Un État dépassé ? Les failles de la sécurité ferroviaire pakistanaise
Comment une voiture bourrée de 35 kg d’explosifs a-t-elle pu s’approcher d’un train transportant des militaires ? Cette question, posée par de nombreux observateurs, révèle les failles chroniques de la sécurité ferroviaire pakistanaise.
35 kg d’explosifs au cœur du dispositif militaire : l’échec du renseignement
Le train était parti de la zone militaire de Quetta, un secteur théoriquement sécurisé. Pourtant, le kamikaze a pu conduire sa voiture jusqu’à la voie ferrée et percuter le wagon. L’explosion, d’une puissance considérable, a renversé la locomotive et trois voitures, dont deux se sont retournées.
Cet échec sécuritaire est révélateur. Les voies ferrées du Baloutchistan traversent des zones désertiques et montagneuses où le contrôle est quasi impossible. Les périmètres de sécurité sont rares, et le renseignement manque de moyens pour détecter les préparatifs d’attentats. Le BLA exploite ces faiblesses avec une efficacité redoutable.
État d’urgence et promesses politiques : qui supporte le coût de l’insécurité ?

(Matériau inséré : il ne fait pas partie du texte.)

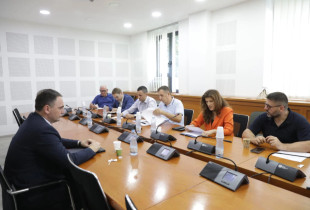 Raportimi i AKI-së, Petrit Ajeti në Komision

La réponse de l’État a été immédiate. Le Premier ministre Shehbaz Sharif a condamné l’attentat et promis de traduire les responsables en justice. Un état d’urgence médical a été déclaré dans les hôpitaux de Quetta. Le ministre en chef du Baloutchistan, Sarfraz Bugti, a dénoncé le ciblage de « civils innocents ».

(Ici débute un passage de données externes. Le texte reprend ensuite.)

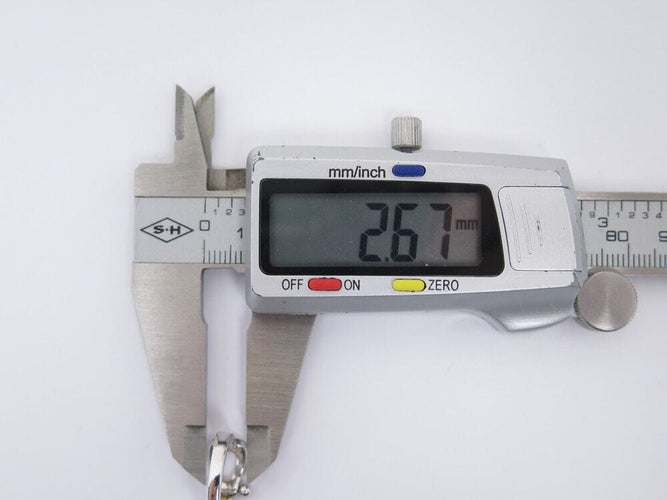 Bague 49 bague FRED force 10 ruban mini or gris 18k & diamants 58 Facettes 254899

Mais ces déclarations ne suffisent pas. Le Pakistan consacre une part massive de son budget à la défense et à la sécurité intérieure, sans parvenir à protéger un trajet ferroviaire vital. Le coût d’opportunité de cette insécurité est énorme : les investissements fuient la province, les entreprises ferment, et les jeunes partent. Ce sont les citoyens les plus pauvres qui paient le prix de l’échec de l’État.
Conclusion : L’ombre de la ligne Durand : l’impasse sécuritaire du Pakistan
L’attentat du 24 mai 2026 n’est pas un acte isolé. Il est le symptôme d’une guerre de sécession économique qui s’intensifie. Le Pakistan se bat sur plusieurs fronts, et l’insurrection baloutche est peut-être le plus insoluble de tous.
Frappes et représailles : le conflit baloutche ne connaît pas de frontières
Le conflit baloutche dépasse largement les frontières du Pakistan. Le BLA opère souvent depuis des bases situées en Afghanistan et en Iran, où il bénéficie de soutiens logistiques. Les tensions avec le gouvernement taliban afghan, qui refuse de coopérer contre les groupes armés, compliquent encore la situation.
Les frappes aériennes pakistanaises contre des cibles talibanes en Afghanistan et les affrontements à la frontière montrent que le Pakistan est pris dans un jeu régional dangereux. La ligne Durand, cette frontière artificielle tracée par les Britanniques au XIXe siècle, reste une plaie ouverte.
3 413 morts et une question sans réponse : qui paie le prix de la guerre économique ?
La thèse centrale de cet article est que la violence au Baloutchistan découle d’un déséquilibre économique fondamental. Les ressources de la province sont exploitées sans bénéfice pour sa population. L’armée pakistanaise répond par la force, mais elle ne traite pas la cause profonde du conflit.
Le prix de cette guerre est payé par les citoyens les plus vulnérables : les familles qui perdent leurs proches dans des attentats, les jeunes qui renoncent à voyager ou à étudier, les communautés entières qui vivent dans la peur. Sans une redistribution équitable des richesses du Baloutchistan et une réforme profonde de la sécurité, le Pakistan restera piégé dans une spirale de violence qu’il ne contrôle plus.